Segment Start: RECORDED INFORMATION

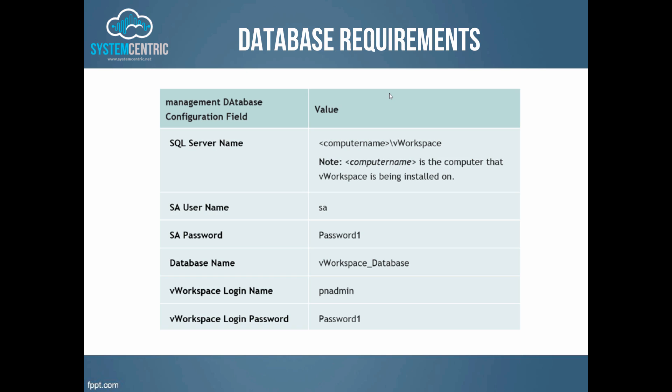When connecting to a database you have to supply these values: the SQL server name, SA username and password in order to create the user account that will be used by vWorkspace, and a user account for vWorkspace to use. Generally speaking, allow the setup to create the vWorkspace SQL account. Do notice that as we're using SA, then you must be running SQL in mixed mode authentication, not in Windows authentication.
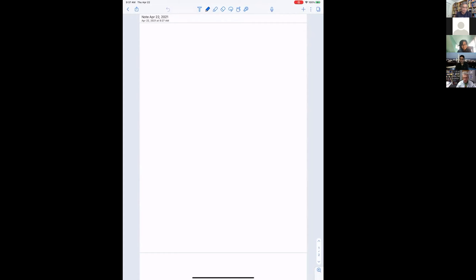Thank you so much for inviting me. I am very glad about the format of the seminar, because I haven't done this kind of thing for research work in a long time. So I'm very excited to give a talk without slides on the whiteboard.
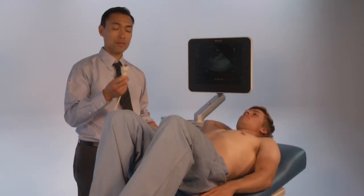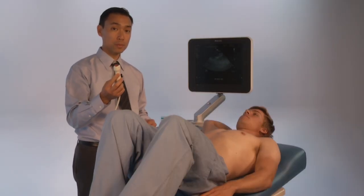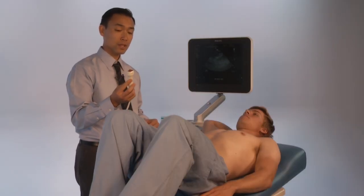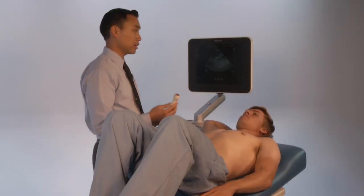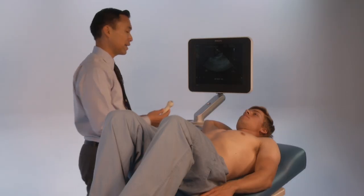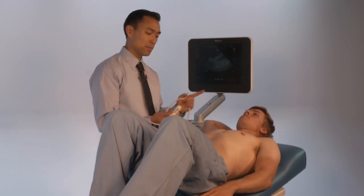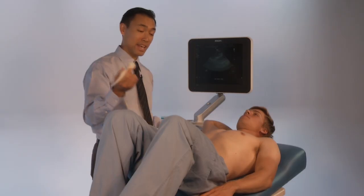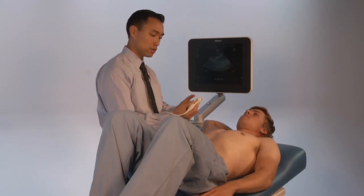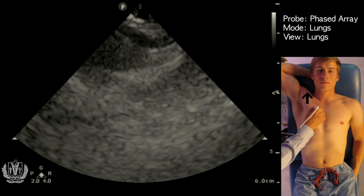You're going to be using a phased array probe on lung setting, or if you don't have lung setting you can use abdominal setting — that's fine. The indicator is going to be up towards the patient's head.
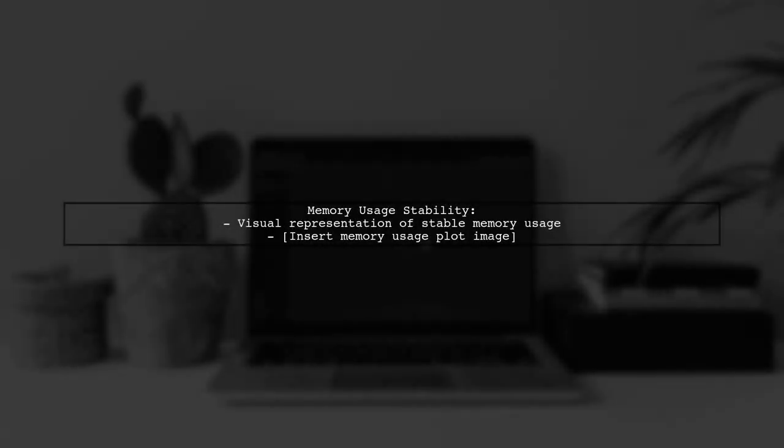Lastly, a visual representation shows that memory usage is quite stable from one garbage collection cycle to the next.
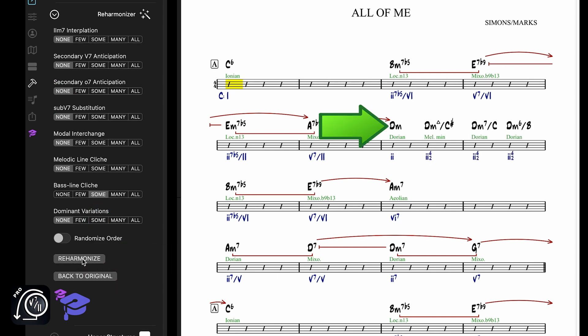Now the Dm7 in measures 7 and 8 has turned into a descending baseline cliche. Let's try some melodic line cliches.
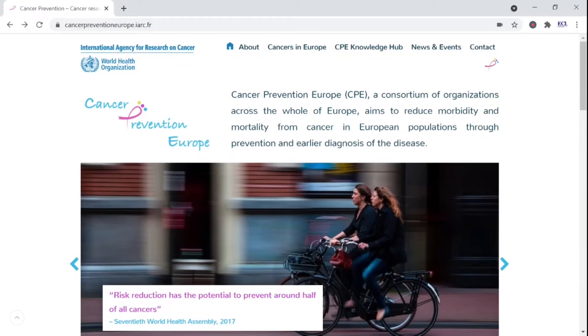Hi, my name is Simena and I'm an ECL Youth Ambassador for the European Code Against Cancer from Romania. I'm here to show you how you can learn more about the scientific evidence that lies behind the 12 messages of the European Code Against Cancer.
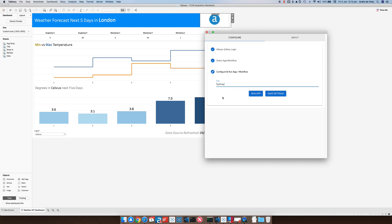You can key in the city, you can then run the analytic app. So now it's querying the Alteryx gallery API. It then says that it completed successfully. The data source hasn't actually updated so I included the refresh data button here.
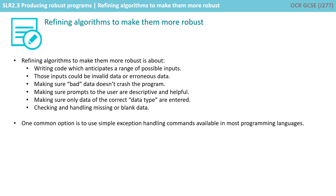So let's just recap what we've gone through. Refining algorithms to make them more robust is about writing code which anticipates a range of possible inputs. Those inputs could be invalid data or erroneous data. Make sure bad data doesn't crash the program. Making sure prompts to the user are descriptive and helpful. Making sure only data of the correct data type is entered. And checking and handling missing or blank data.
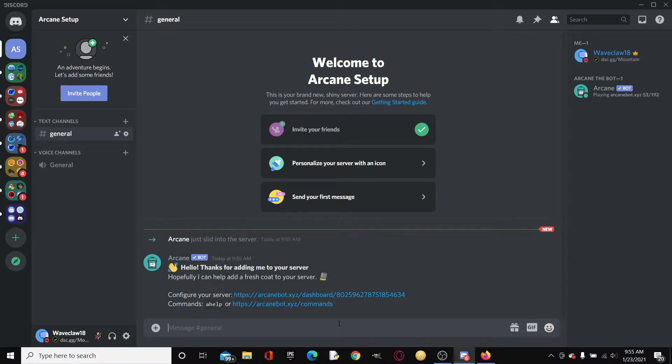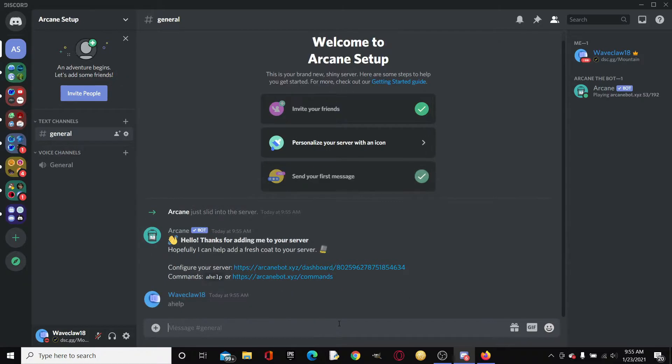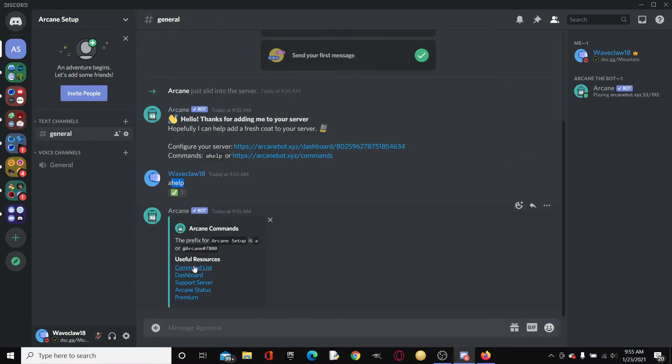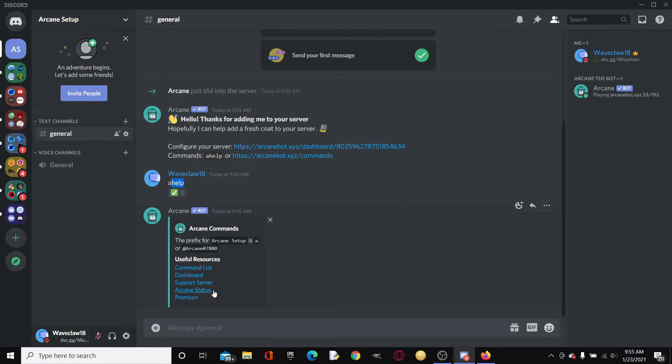If we go here, Arcane just slid into the server. Let me give it the bot role. Arcane usually just sends this message: Hello, thanks for adding me to your server. Hopefully I can help add a fresh coat to your server with the Arcane blob emoji. Commands: a help or configure server with the dashboard.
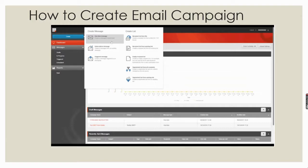If you click that, it will show you the EXM interface. When you click the create button, you will have the option called one-time message, which is for a single user. Another option is subscription message, triggered message, and create a list. The create list option means you can create a list of emails for the targeted audience so that you can manage the list using the list manager and call it in the EXM email template.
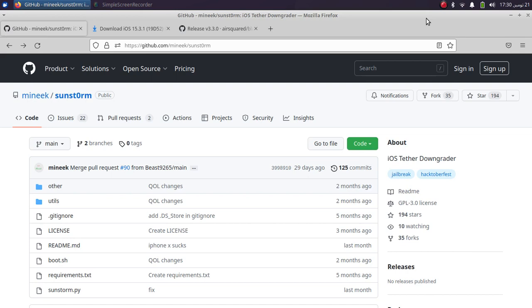If you have issues with downgrading via Sunstrom, you can always get your device into DFU mode and use iTunes to restore to the latest signed iOS version. That is all for this video. If I have missed something, let me know, and if you have questions you can always ask in the comment section and I will reply as soon as possible. I will see you in the next video — goodbye.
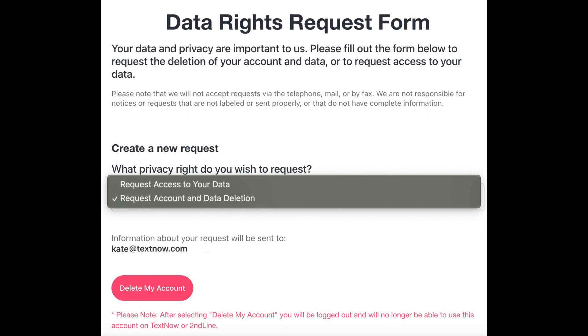Ensure that the displayed email is the one registered to the account you want to delete. Then click on the 'Delete my account' button to confirm your request.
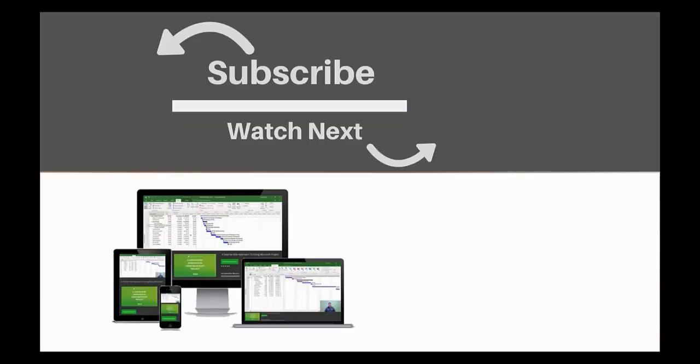If you enjoyed this video, make sure you like and subscribe to our channel. Hope to see you for the next tutorial and thanks for watching. Bye.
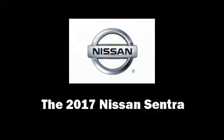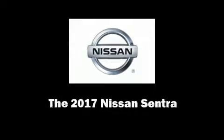Discerning drivers will appreciate the 2017 Nissan Sentra. This four-door, five-passenger sedan stands out among competitors in its class.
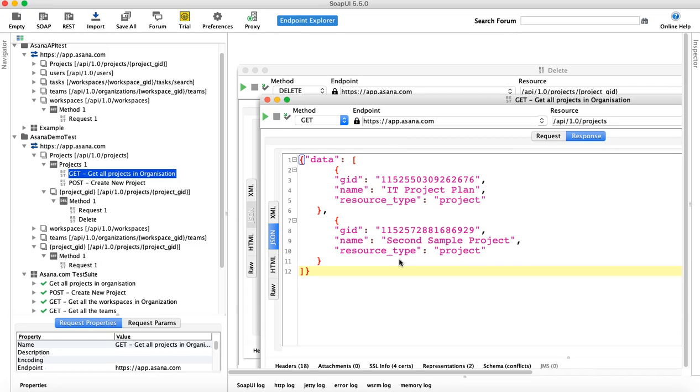And then in further upcoming tutorials, what I'll do is I'll use all these methods in one particular test case and design an end-to-end test case, which will be an automated test case.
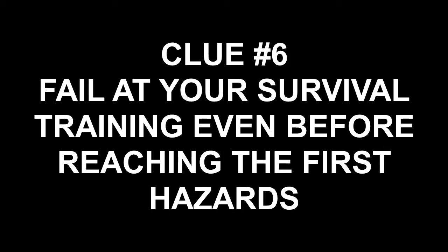Hey everybody, Hidden Object Guru here with more Balhalla Scavenger Hunt Guides. This one for Clue 6, Fail your Survival Training Even Before Reaching the First Hazards.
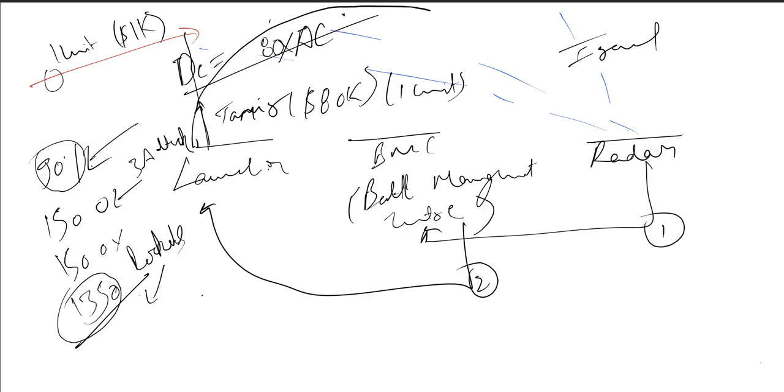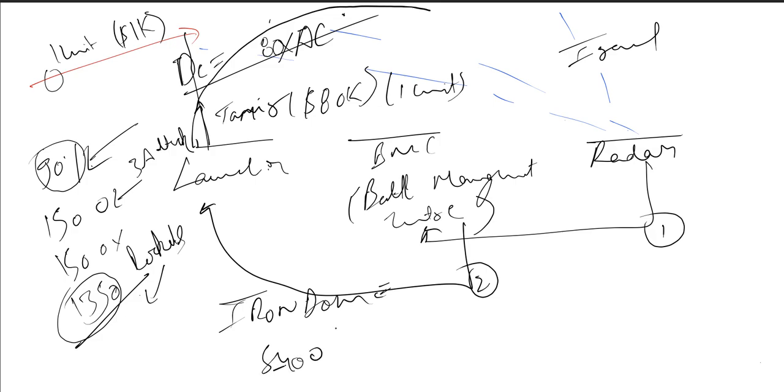So this is the Iron Dome air defense system. In India we work on the S400, which is a similar system that we are going to procure. It's not delivered yet but we will buy it soon.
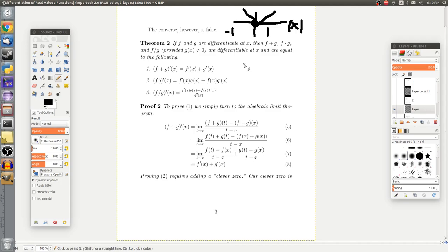Now that we have that result, we can use it to prove some of our Calculus 1 derivative rules: namely the linearity of the derivative, the product rule, and the quotient rule. We'll do the chain rule in the next video because it requires a bit more work. The linearity actually just comes from the algebraic limit theorem for convergent sums, but to get more experience with derivative proofs, I'll show it anyway.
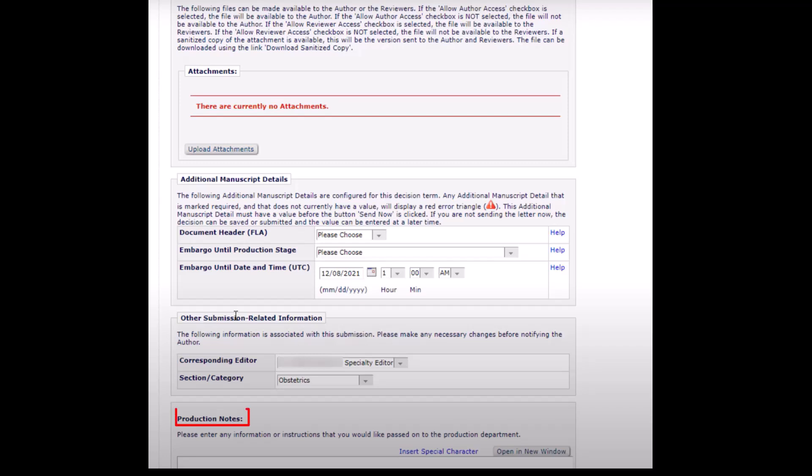Production notes. Enter any pertinent production notes in this section. Previous notes entered on the detail screen may already be present. Avoid using special characters or quotation marks in the notes, as they may cause errors and delays.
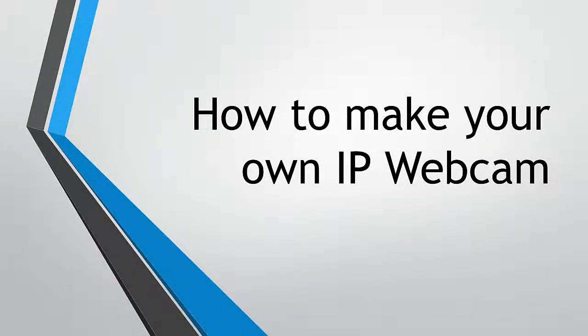Hi I'm Jason and in this short tutorial I thought I'd share a great way of creating your own IP webcam out of what you already have at home.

Segment End: RECORDED INFORMATION

WHAT TO WORK ON »
In the data above, the stretch from the line with "Thank you so" through the line with "Hi, my name" is to be returned exactly, minus any pictures.

THE ANSWER »
Thank you so much for inviting me. I am very glad about the format of the seminar, because I haven't done this kind of thing for research work in a long time. So I'm very excited to give a talk without slides on the whiteboard.
You're going to be using a phased array probe on lung setting, or if you don't have lung setting you can use abdominal setting — that's fine. The indicator is going to be up towards the patient's head.
Lastly, a visual representation shows that memory usage is quite stable from one garbage collection cycle to the next.
Now the Dm7 in measures 7 and 8 has turned into a descending baseline cliche. Let's try some melodic line cliches.
Hi, my name is Simena and I'm an ECL Youth Ambassador for the European Code Against Cancer from Romania. I'm here to show you how you can learn more about the scientific evidence that lies behind the 12 messages of the European Code Against Cancer.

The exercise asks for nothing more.